Incontornável: as rivalidades bairristas agitam as taças de cervejas com mais convicção, aguçam o vocifero ameaçador, mas, Londres roubar a hegemonia da Premier League a Manchester, tem um gostinho especial. Especialmente a desfavor 'pundits' britânicos descrentes (comentadores ou analistas da jornada), encostados à parede com (mais uma) entrada a pés juntos de José Mourinho. Primeiro ano para testes de pista, troca de pneus para diferentes aderências ao asfalto, e a promessa (com ele há sempre uma, não é?) de que este ano podiam contar com o Chelsea. Prometeu, cumpriu. De forma totalmente merecida. Mourinho nunca será consensual, mas também já anda nisto há anos suficientes para que se perceba que 'merecer' ganhar é relativo. Liderou sem contestação a competição desde a primeira jornada, e foi apenas derrotado por duas vezes. Venceu a regularidade. Por outras palavras, venceu a doutrina do treinador natural de Setúbal. Para isso, contou com Diego Costa, a versão rejuvenescida de Didier Drogba e que abafou a insistente queixa de Mourinho: a falta de um avançado que garanta mais de 20 golos por temporada. Não que para mim isso assuma carácter decisivo e superlativo no sucesso de uma campanha, mas José vive dos seus 'feelings' pessoais. Como no dia em que, quase no fecho das urnas, prometeu algo a Fábregas que Wenger não poderia rebater: títulos. O catalão vestiu as luvas de cirurgião blue, e fez de Diego Costa o assistente idóneo na hora de descoser as defesas contrárias.

O Chelsea aborrecia.
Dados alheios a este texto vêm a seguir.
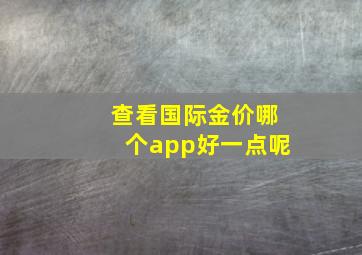 查看国际金价哪个app好一点呢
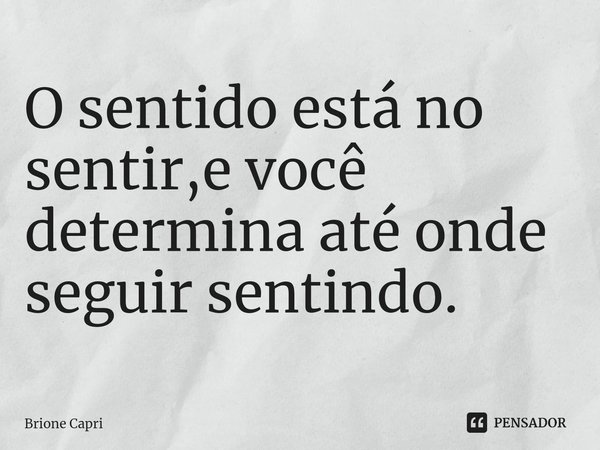 ⁠O sentido está no sentir,e você determina até onde seguir sentindo.... Frase de Brione Capri.
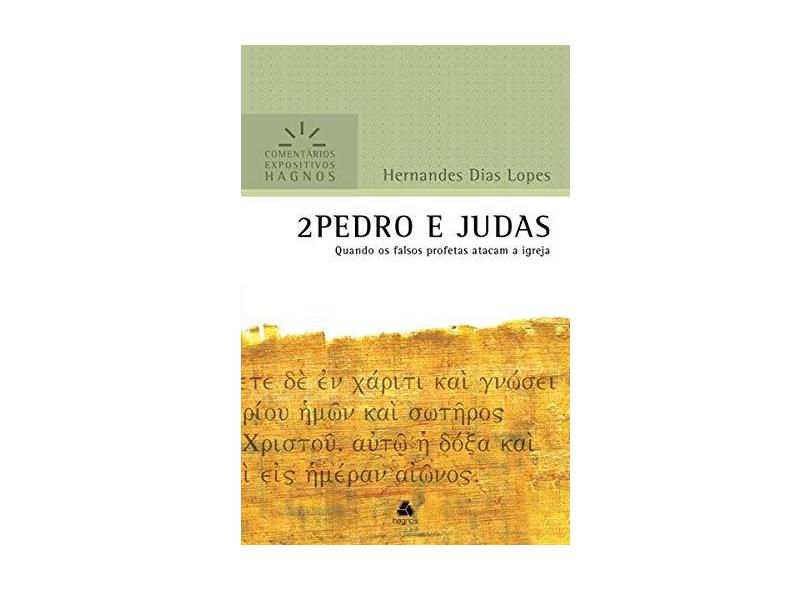 2Pedro e Judas - quando os falsos profetas atacam a Igreja - Lopes, Hernandes Dias - 9788577421176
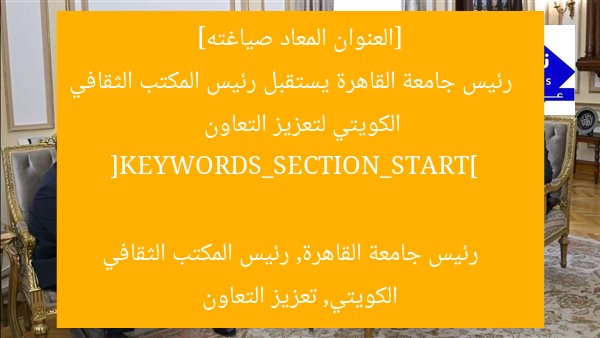 [العنوان المعاد صياغته]  
رئيس جامعة القاهرة يستقبل رئيس المكتب الثقافي الكويتي لتعزيز التعاون  

[KEYWORDS_SECTION_START]  
رئيس جامعة القاهرة, رئيس المكتب الثقافي الكويتي, تعزيز التعاون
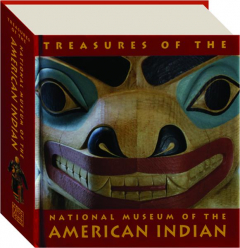 TREASURES OF THE NATIONAL MUSEUM OF THE AMERICAN INDIAN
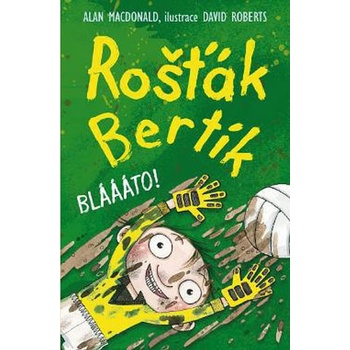 Rošťák Bertík Blááto! - Alan MacDonald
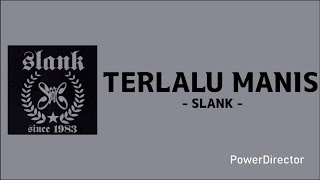 Terlalu manis - Slank - Lirik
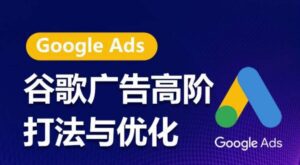 谷歌广告高阶打法与优化，凝结行业精华的谷歌广告体系课程，带你抓住流量红利，最大化ROI-副业吧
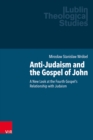 Image for Anti-Judaism and the Gospel of John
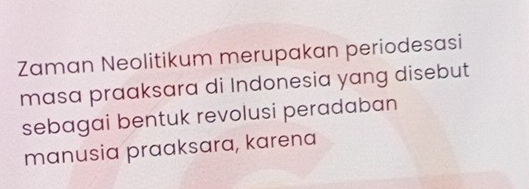 Zaman Neolitikum merupakan periodesasi 
masa praaksara di Indonesia yang disebut 
sebagai bentuk revolusi peradaban 
manusia praaksara, karena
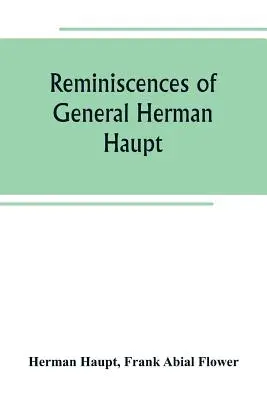 Amintirile generalului Herman Haupt; oferind ordine oficiale inedite până acum, relatări personale ale unor operațiuni militare importante și interviuri - Reminiscences of General Herman Haupt; giving hitherto unpublished official orders, personal narratives of important military operations, and intervie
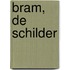 Bram, de Schilder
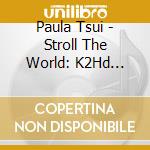 Paula Tsui - Stroll The World: K2Hd Mastering cd musicale di Paula Tsui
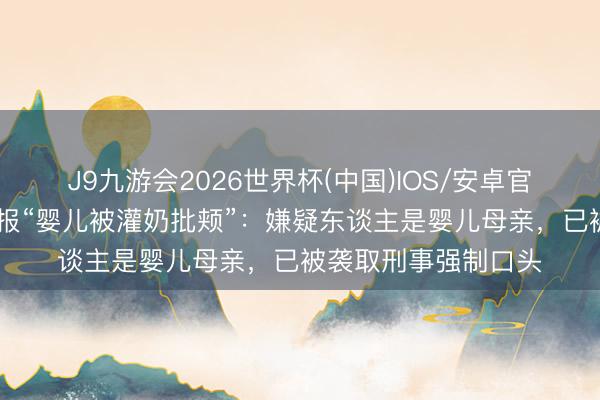 J9九游会2026世界杯(中国)IOS/安卓官方下载 南昌警方通报“婴儿被灌奶批颊”：嫌疑东谈主是婴儿母亲，已被袭取刑事强制口头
A quem investia e não apenas gastava, não. Abramovich via o projecto brotar além do betão lançado na primeira temporada. Apoiado por John Terry e por Nemanja "cimento-cola" Matic - há sempre um Materazzi, um Gallas, um Essien! - o Chelsea tornou-se um favorito das casas de apostas. Estatisticamente fiável e regular, sair da órbita traçada nunca foi um receio. Mourinho nunca tropeçou, levantou os estandartes de guerra habituais, entornou o vinho quando teve de o fazer. Tudo parte de uma engenharia mental que muitos apelidam de maquiavélica, por vezes baixa, mas que coloca o emblema londrino no topo do futebol da capital inglesa.

"É um sentimento especial [vencer este título], porque não sou a pessoa mais inteligente do mundo quando escolho um país e uma equipa para treinar. Podia ter escolhido outro país, mas escolhi a liga da Europa mais difícil de ganhar". Mourinho deverá controlar a soberba. Alex Ferguson já não está presente para brindar com o técnico português e, segundo leio nos meios ingleses, 'Big Sam Allardyce', um dos seus queridos inimigos, foi aconselhado a largar qualquer bebida alcoólica após a sua chegada ao West Ham United. Restam-lhe poucos bens humanos. Os materiais, sobra o que mais interessa, o titulo amealhado. Mas soa o alarme. O alarme que a própria caricatura de Mourinho monta cada vez com maior frequência sobre a necessidade de fazer do sucesso individual um folclore mais mediático que o colectivo.